LA strain and phasic volume analysis using feature tracking CMR

The myocardial strain analysis using feature tracking CMR was performed using semi-automated software (QstrainMR 2.0, Medis, Leiden, Netherlands). The LA endocardial border was manually traced in a 4-chamber long-axis view using the LV end-diastole as the reference phase. The LA global longitudinal strain (GLS) was defined as the average peak strain value. The LA maximal, pre-contraction (pre-A in cases without atrial fibrillation), and minimal volumes were measured. The LA total emptying fraction was calculated as (LA maximal volume − LA minimal volume)/LA maximal volume; the reservoir fraction, as (LA maximal volume − LA minimal volume/LA minimal volume); the conduit fraction as (LA maximal volume − LA pre-A volume)/LA maximal volume; and the active emptying fraction as (LA pre-A volume − LA minimal volume)/LA pre-A volume [17], as shown in Fig. 1. The LA volume divided by the body surface area was defined as the LA volume index (LAVI), and E/e′ divided by LA-GLS was defined as the LA stiffness index [7].

Statistical analysis

The baseline characteristics were summarized using frequencies and percentages and examined using the chi-square test for categorical variables.
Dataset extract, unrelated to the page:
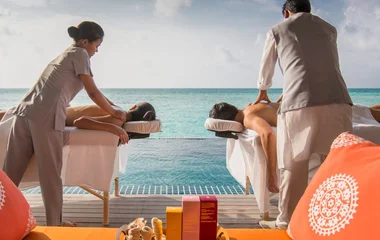 Couple getting a massage with a sea view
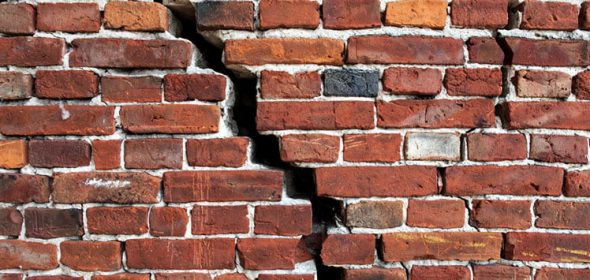 Huge vertical crack on a brick wall.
The continuous variables are reported as the mean and standard deviation or interquartile range for non-normally distributed variables. For normally distributed variables, the analysis of variance (ANOVA) was performed to test the differences among the three groups. A post-hoc test with Tukey’s HSD was conducted for pairwise comparisons. Non-normally distributed variables were compared using the Kruskal–Wallis test, and the Dunn’s post-hoc test was performed for pair-wise comparisons. A univariable linear regression model was used to estimate the unadjusted coefficient of primary endpoints for each echocardiographic and each CMR characteristic. Univariable factors with p < 0.05 and the major relevant clinical factors were entered into multivariable analyses for the predictive value of variables for PASP. The coefficient values were generated and expressed, together with their 95% confidence intervals. A subgroup analysis was performed to evaluate the differential effect of clinical variables among the three groups clustered by a linear regression between PASP and E/e′: (1) relatively higher PASP group compared to E/e′, (2) within 95% confidence interval and (3) relatively lower PASP group compared to E/e′. All analyses used two-tailed tests with a significance level of 0.05. Statistical analyses were performed using SPSS software (Statistical Package for Social Sciences, version 25.0, IBM Corp., Armonk, NY).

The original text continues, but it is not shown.